Feedforward (Quads schema is one form of it) is alive
and well in many commercial amplifiers. Though details
are generally hard to come by, and very often are
obfuscated by marketing buzzwords and speak.
rgds, sreten.
Sad state of affairs, just a few months out and some of the "new" transistors he suggests are already OBE.
I was glad to see a lot more details explained with SPICE, but he is assuming more than general knowledge on it's use. A lot more details on why you may or may not want to do some things in the IPS and VAS. Some "why" for transistor selection.
You can get rip-off copied fake Quad boards from China off e-bay. His position is still that it is not necessary. Basically endorsing TMC on the standard architecture is good enough.
I was glad to see a lot more details explained with SPICE, but he is assuming more than general knowledge on it's use. A lot more details on why you may or may not want to do some things in the IPS and VAS. Some "why" for transistor selection.
You can get rip-off copied fake Quad boards from China off e-bay. His position is still that it is not necessary. Basically endorsing TMC on the standard architecture is good enough.
I always wonder why Peter Walkers Current Dumper has not proliferated, now the patent is expired. Todays undersized internal heatsinks in so many amplifiers seem to make it attractive for anything more powerful than a chip amp.
I have been surprised that the driver in a Quad 405 I had for a while a home became very hot.
If you mean the buffer on the opamp, that is in class A and gets hot by design. My point is that the Quad design does not depend on sensor transistor thermal tracking or the use of exotic power devices with built in diode sensors to avoid run away
I always wonder why Peter Walkers Current Dumper has not proliferated, now the patent is expired.
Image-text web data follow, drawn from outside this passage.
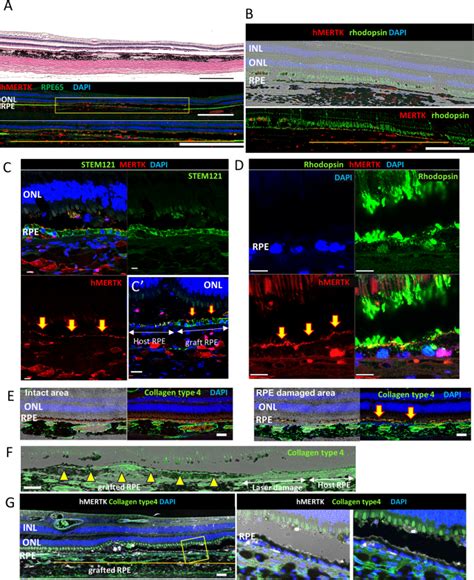 Graft Cell Expansion From HiPSC RPE Strip After Transplantation In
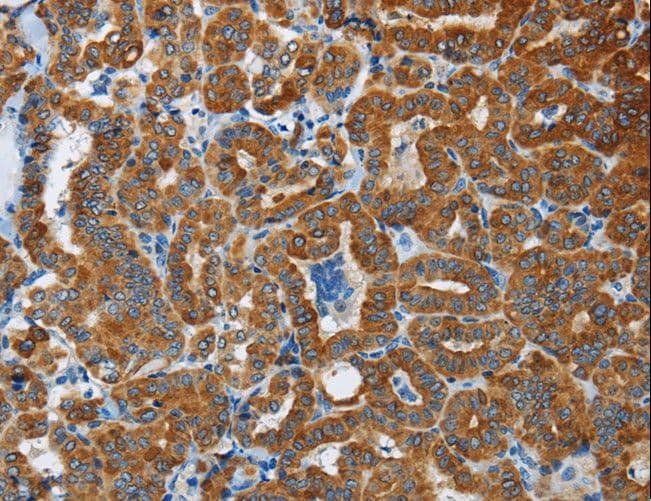 FLCN / Folliculin Antibody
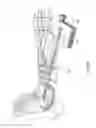 Fig. 09 - Devices and methods for bone fixation using axial implants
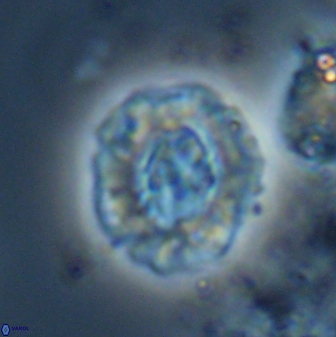 Cruciplacolithus latipons 23125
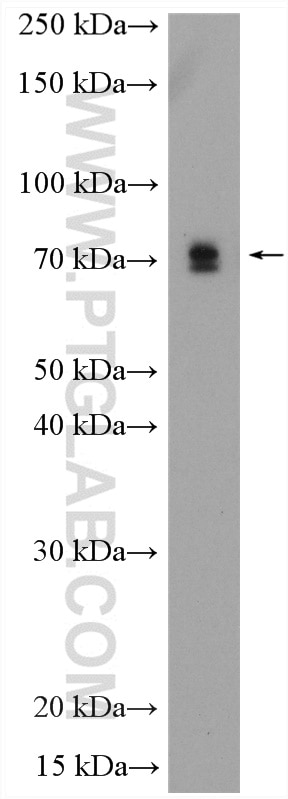 Western Blot (WB) analysis of rat testis tissue using METTL16 Polyclonal antibody (19924-1-AP)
Todays undersized internal heatsinks in so many amplifiers seem to make it attractive for anything more powerful than a chip amp.
Apparently the people at THX have "re-patented" the idea recently. It was
authored by Laurie Fincham.
😎
If you mean the buffer on the opamp, that is in class A and gets hot by design. My point is that the Quad design does not depend on sensor transistor thermal tracking or the use of exotic power devices with built in diode sensors to avoid run away
It remains the most original circuit of all the solid-state era.
As far as I remember, it is Tr7 which becomes very hot, it is in class A and provides all the current to linearize the output stage where BDY77s Tr9 and Tr10 work in class C..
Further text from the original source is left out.